_Exercise objective_:
Look below for the line holding "Commiphora kataf ver.turkanensis" and the line holding "File photo: Polar". Repeat those two and everything between, exactly.

_Data listing_:
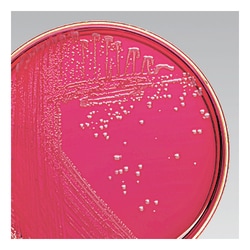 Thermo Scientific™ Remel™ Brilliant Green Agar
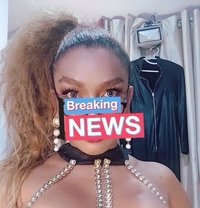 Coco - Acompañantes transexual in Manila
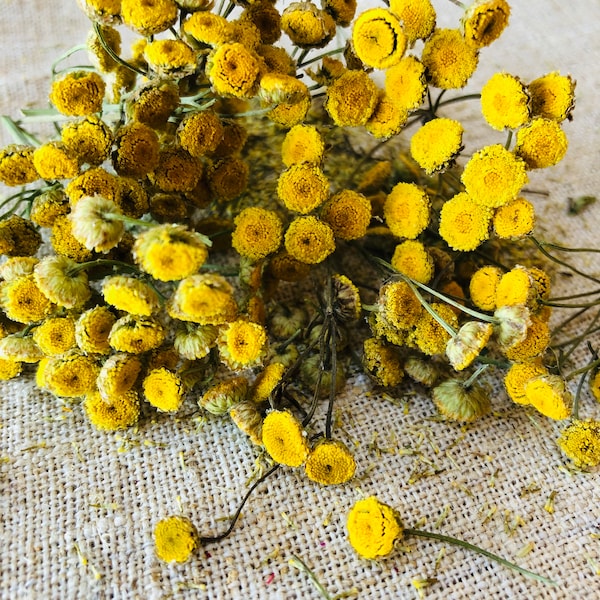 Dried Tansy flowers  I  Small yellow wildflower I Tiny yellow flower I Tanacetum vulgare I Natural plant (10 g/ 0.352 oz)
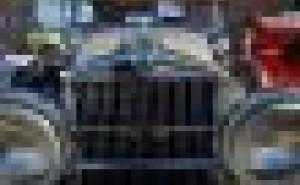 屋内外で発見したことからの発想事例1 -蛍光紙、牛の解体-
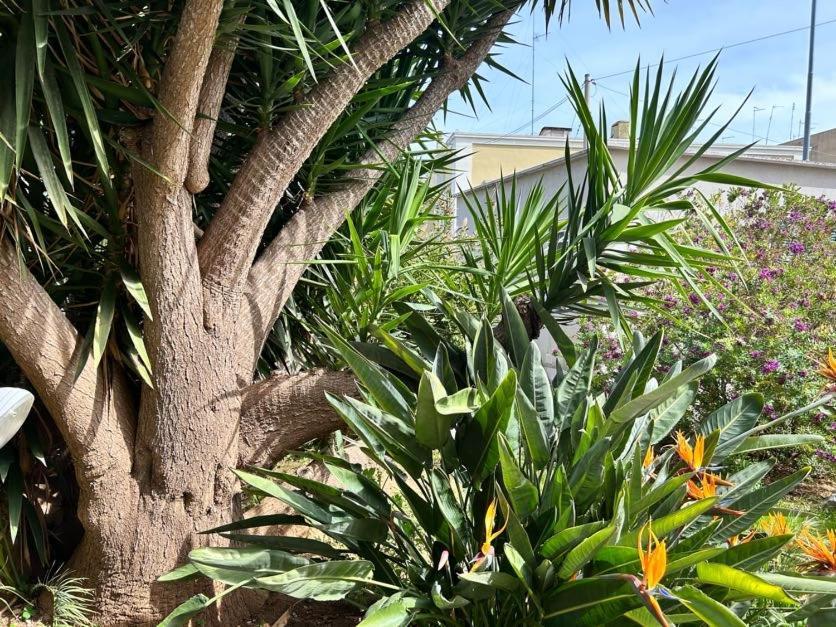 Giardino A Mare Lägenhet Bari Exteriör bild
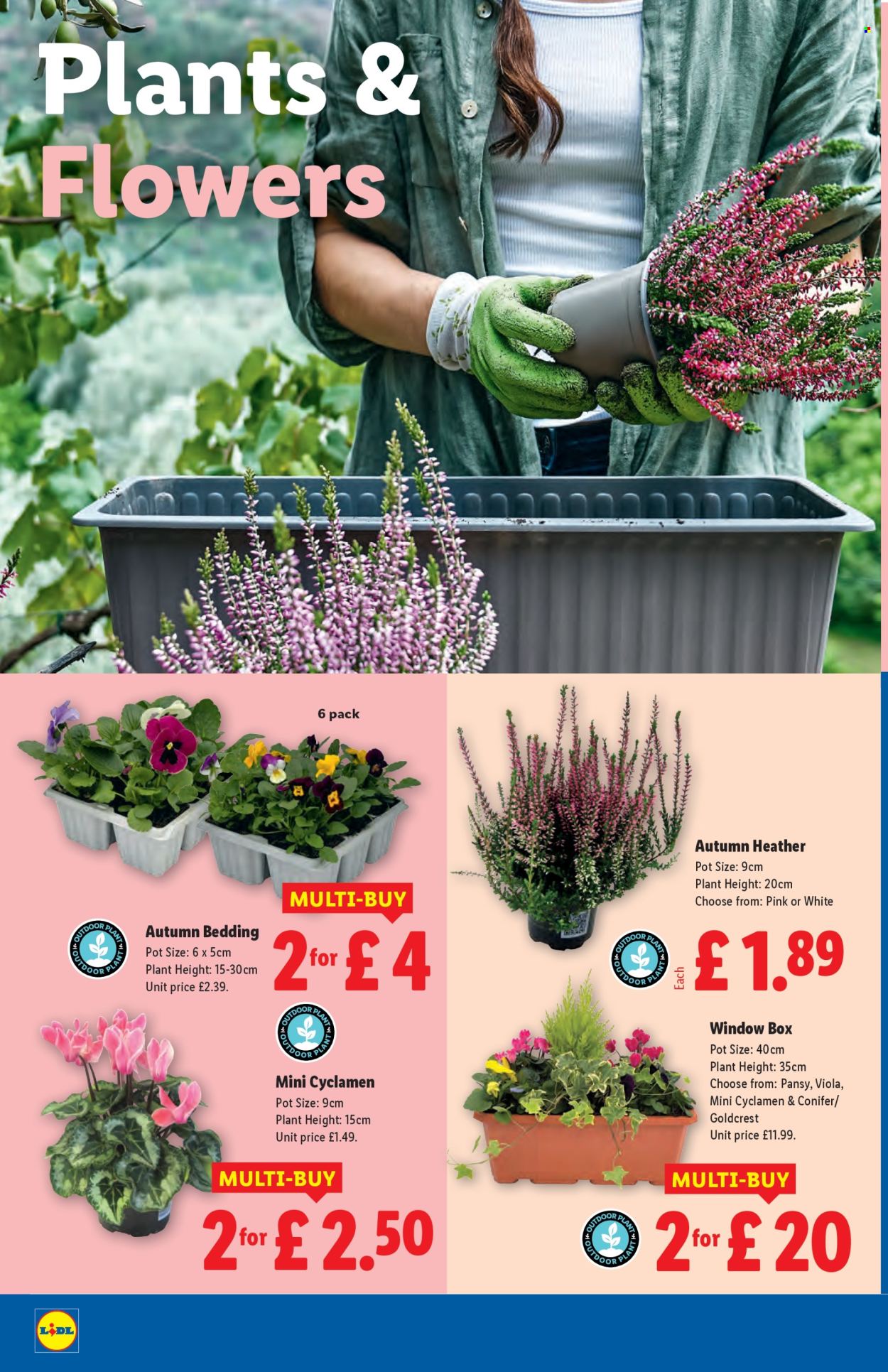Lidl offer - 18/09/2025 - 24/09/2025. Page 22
--
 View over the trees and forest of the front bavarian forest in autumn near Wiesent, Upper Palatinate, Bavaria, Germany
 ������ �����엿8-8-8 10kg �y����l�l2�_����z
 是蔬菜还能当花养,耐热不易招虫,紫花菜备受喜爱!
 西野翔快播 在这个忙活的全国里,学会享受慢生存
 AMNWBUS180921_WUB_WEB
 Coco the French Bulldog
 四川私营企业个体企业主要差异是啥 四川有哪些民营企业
==
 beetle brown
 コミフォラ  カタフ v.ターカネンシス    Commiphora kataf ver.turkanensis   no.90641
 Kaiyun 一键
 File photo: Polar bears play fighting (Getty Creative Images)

_Reply to the exercise_:
 コミフォラ  カタフ v.ターカネンシス    Commiphora kataf ver.turkanensis   no.90641
 Kaiyun 一键
 File photo: Polar bears play fighting (Getty Creative Images)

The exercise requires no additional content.